Le 16 décembre 1859 s'éteignait
Wilhelm Grimm. Les contes que son frère Jacob et lui avaient rassemblés font partie des plus célèbres récits de la littérature mondiale. Ils prétendirent avoir fidèlement retranscrits de vieilles légendes populaires, En réalité, une grande partie de ces contes ont une origine étrangère, souvent française. Et ils ont été largement retravaillés.
Les contes de Grimm, des textes de seconde ou troisième main
Charles Perrault fut l'une de leurs principales sources d'inspiration. Ils lui empruntèrent
La Belle aux bois dormants,
Le Chat botté,
Le Petit Chaperon rouge,
Cendrillon et
Hänsel et Gretel. Pour le reste, on s'imagine volontiers les frères Grimm arpentant les routes allemandes, s'arrêtant dans chaque auberge, interrogeant les cuisinières, allant à la rencontre du peuple, afin de recueillir des histoires. En fait, ils ne quittèrent presque jamais leur bibliothèque. « Ils n'entrèrent en contact avec les contes que par des intermédiaires, qui les obtenaient eux-mêmes de connaissances. Le texte final est un texte de seconde ou de troisième main » note Ulrich Greiner
dans le Zeit.
Pourquoi leurs Contes ont-ils connu une telle fortune ? « Ils ont su leur donner un ton propre, une unité. Ils ont construit la langue des contes, qui nous semble aujourd'hui si naturelle », explique Greiner. Le principal inventeur de ce ton idéaliste fut Wilhelm Grimm, son frère Jacob considérant ce genre de réécriture comme « non scientifique ».
Un projet nationaliste de promotion de la culture allemande
Wilhelm, pourtant, voulut maintenir la fiction d'une retranscription brute du conte populaire. Dans sa préface, il écrit : « Nous n'avons embelli aucune circonstance, ni aucun trait des légendes. Nous les avons restituées telles que nous les avons recueillies. » Les
Contes s'inscrivaient dans un véritable projet nationaliste de promotion de la culture allemande. Il s'agissait de faire croire en leur pureté originelle.
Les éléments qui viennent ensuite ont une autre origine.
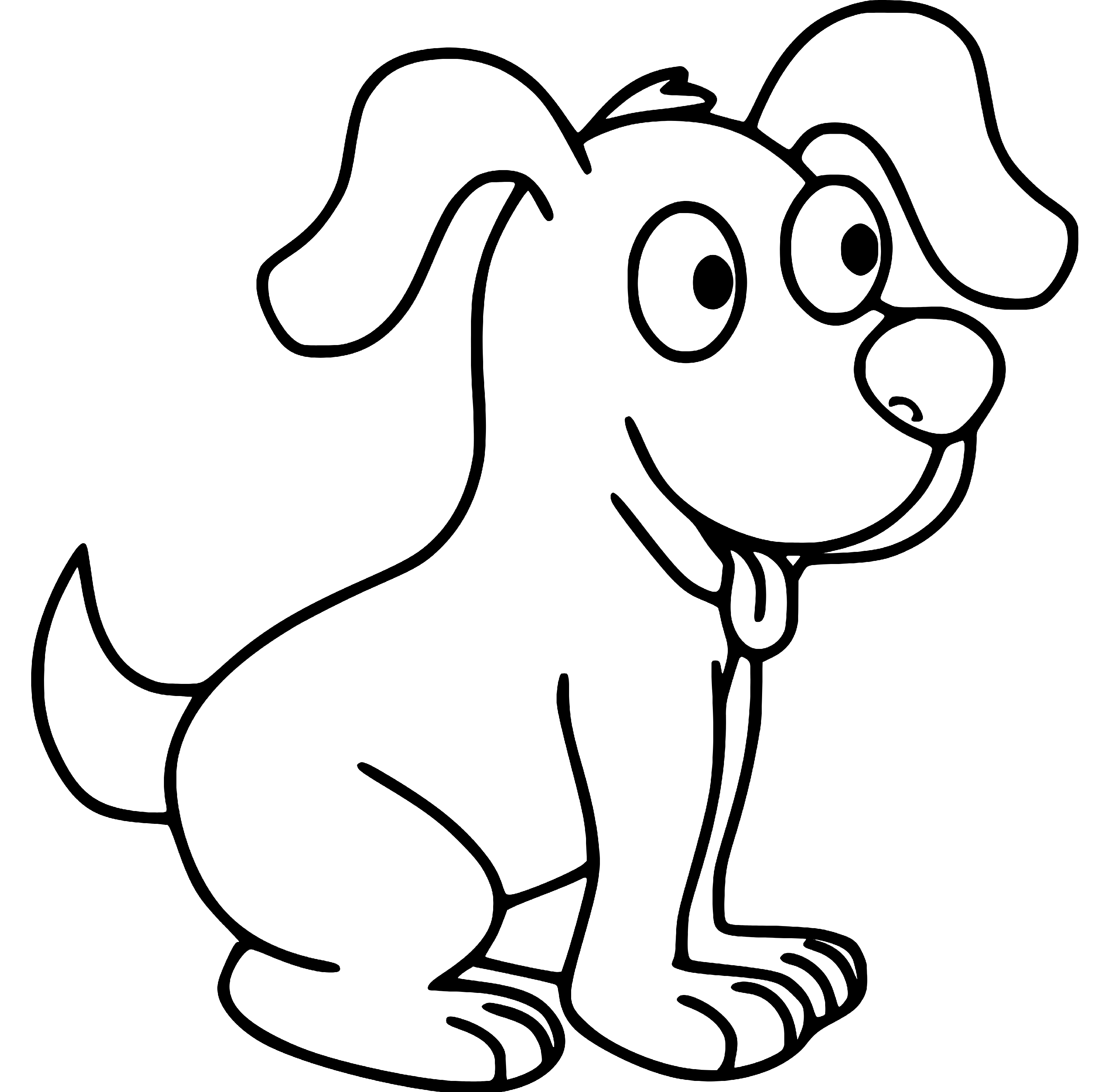 Printable Little Puppy Coloring Page for kids.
C'était faux à deux titres : d'un côté, ils avaient été enrichis de détails destinés à les rendre plus attrayants. De l'autre, on les avait expurgés de tout ce qu'on jugeait choquant pour un jeune public. « Dans cette nouvelle édition, nous avons pris soin de supprimer toutes les expressions inadaptées pour les enfants », annonçait Wilhelm Grimm dans son avant-propos de 1819.
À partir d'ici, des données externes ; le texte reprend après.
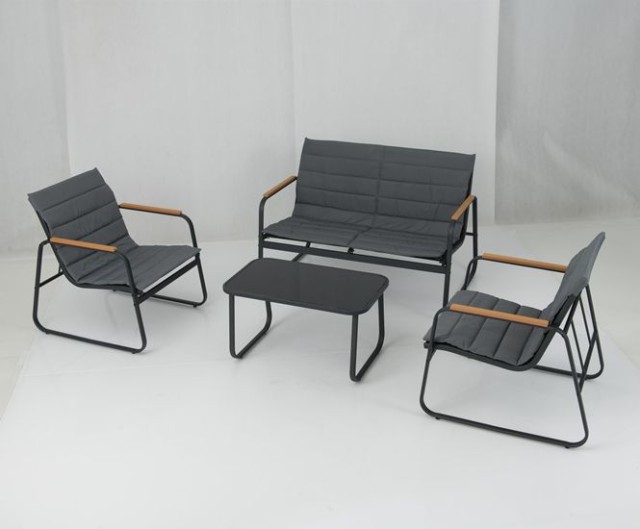 Costway Σετ Εξωτερικών Επίπλων σε Γκρι Χρώμα με 2 Καρέκλες, Πάγκο, Τραπέζι & Μαξιλάρια 41 x 44 x 75 cm NP12920GR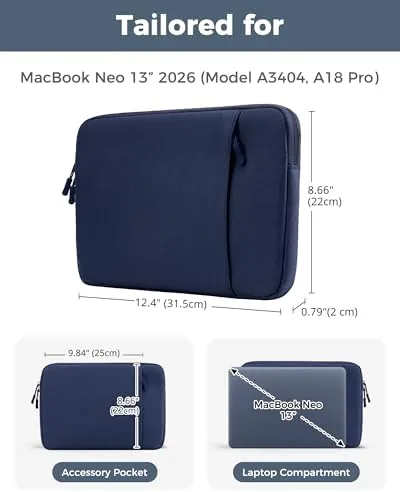 Close look at the ProCase MacBook Neo 13 Inch Sleeve for 2026 (A3404, A18 build quality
« En fait, Wilhelm censura dans les histoires tous les détails érotiques. Dans une précédente version de
Raiponce, la grossesse de la jeune fille était mentionnée explicitement. Il n'en fut plus question », indique le critique du
Zeit. Plus de prince dénudé non plus dans le lit de la princesse du
Roi Grenouille. En revanche, la grand-mère du
Petit Chaperon rouge, extirpée vivante des entrailles du loup, fut maintenue.